--- To do ---
The data must be given again exactly as written, with all images omitted.

--- Exercise data ---
BEGIN

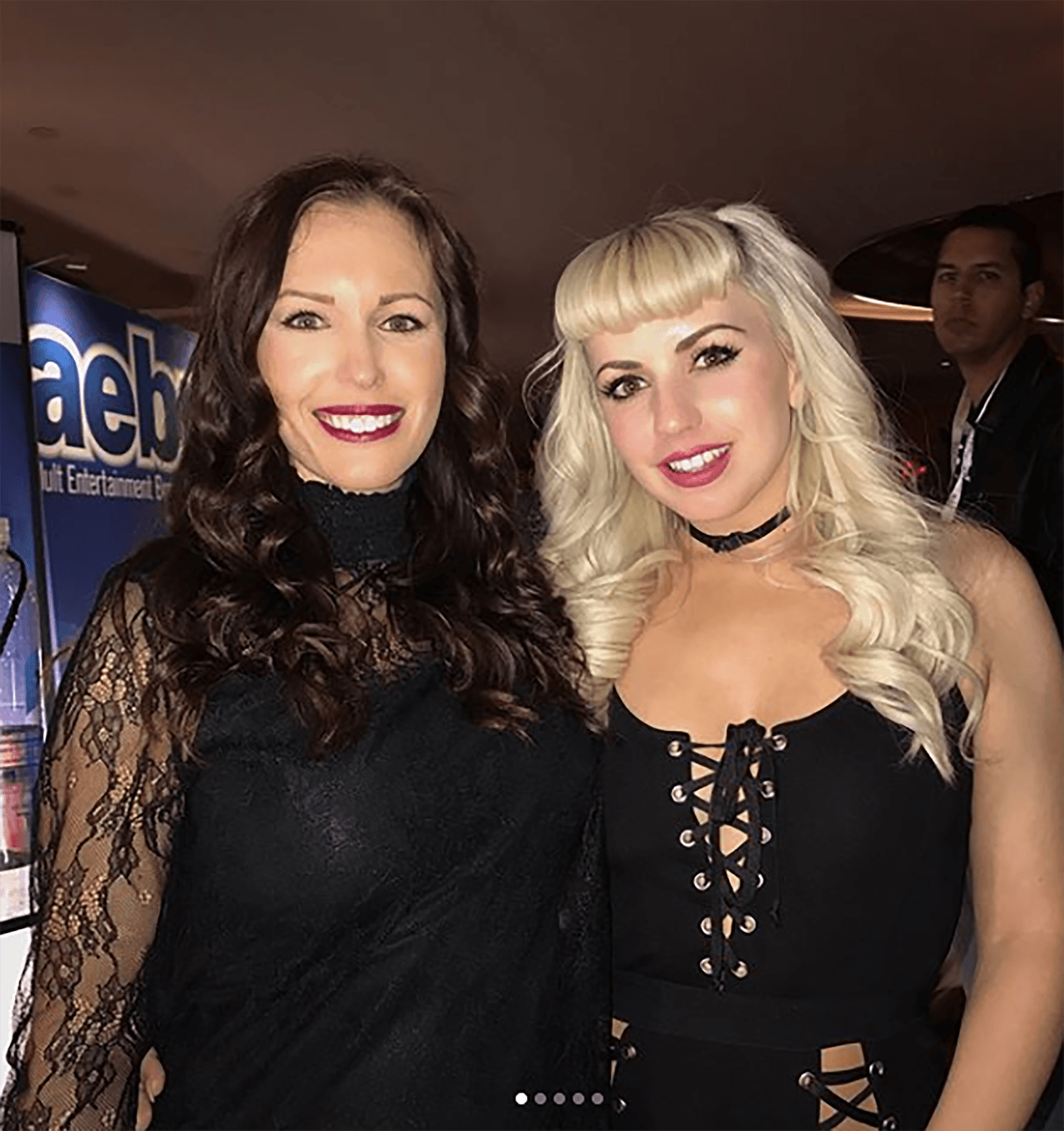 Brittni De La Mora dijo que su inicio en la industria de la pornografía comenzó a los 16 años en un viaje a México con unos amigos. Aunque ganó mucho dinero, su vida se sumergió en la tristeza.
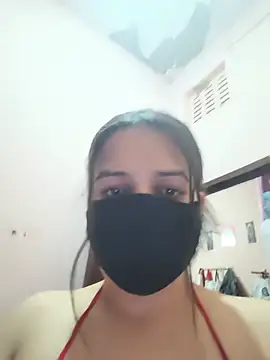 REENA-STRIP online show from June 3, 2026, 6:45 pm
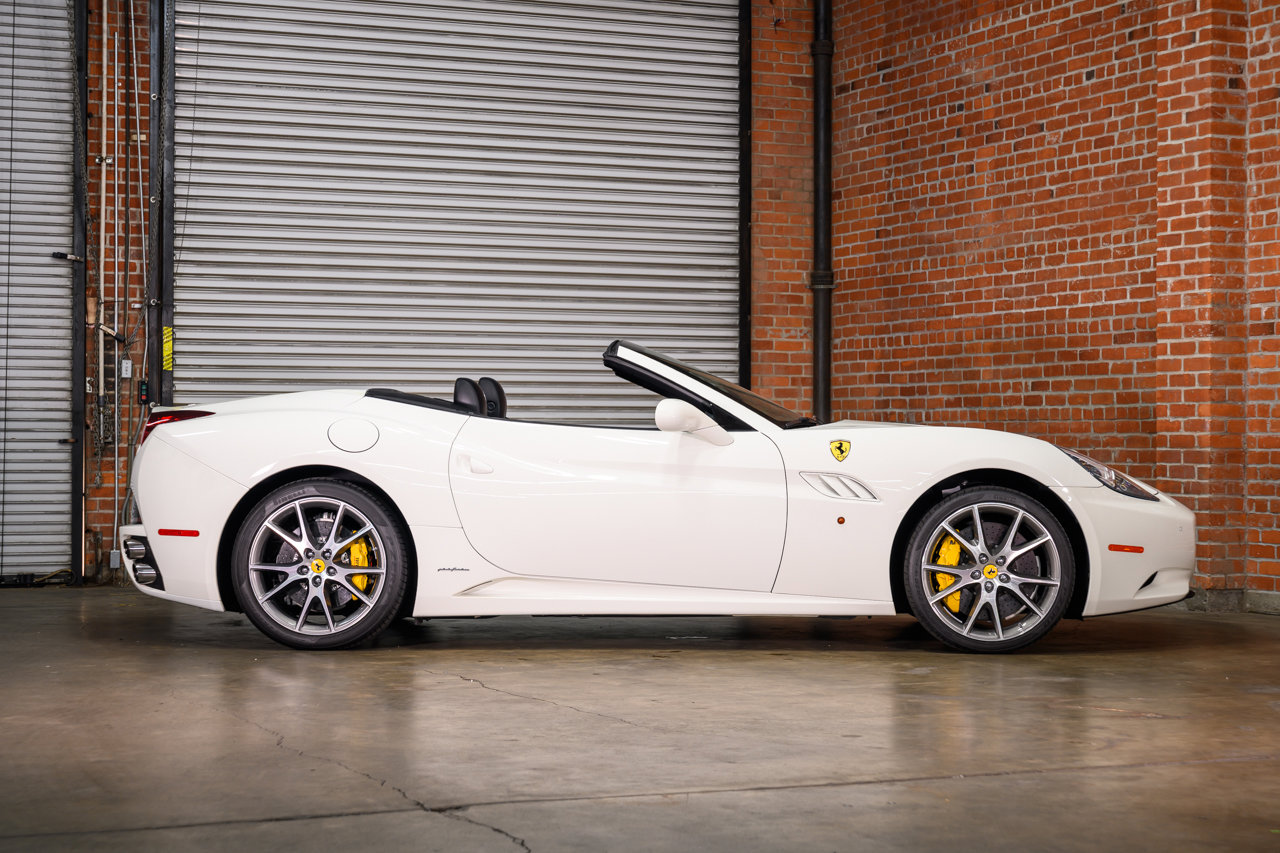 Used 2014 Ferrari California image 12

END

--- Result ---
 Brittni De La Mora dijo que su inicio en la industria de la pornografía comenzó a los 16 años en un viaje a México con unos amigos. Aunque ganó mucho dinero, su vida se sumergió en la tristeza.
 REENA-STRIP online show from June 3, 2026, 6:45 pm
 Used 2014 Ferrari California image 12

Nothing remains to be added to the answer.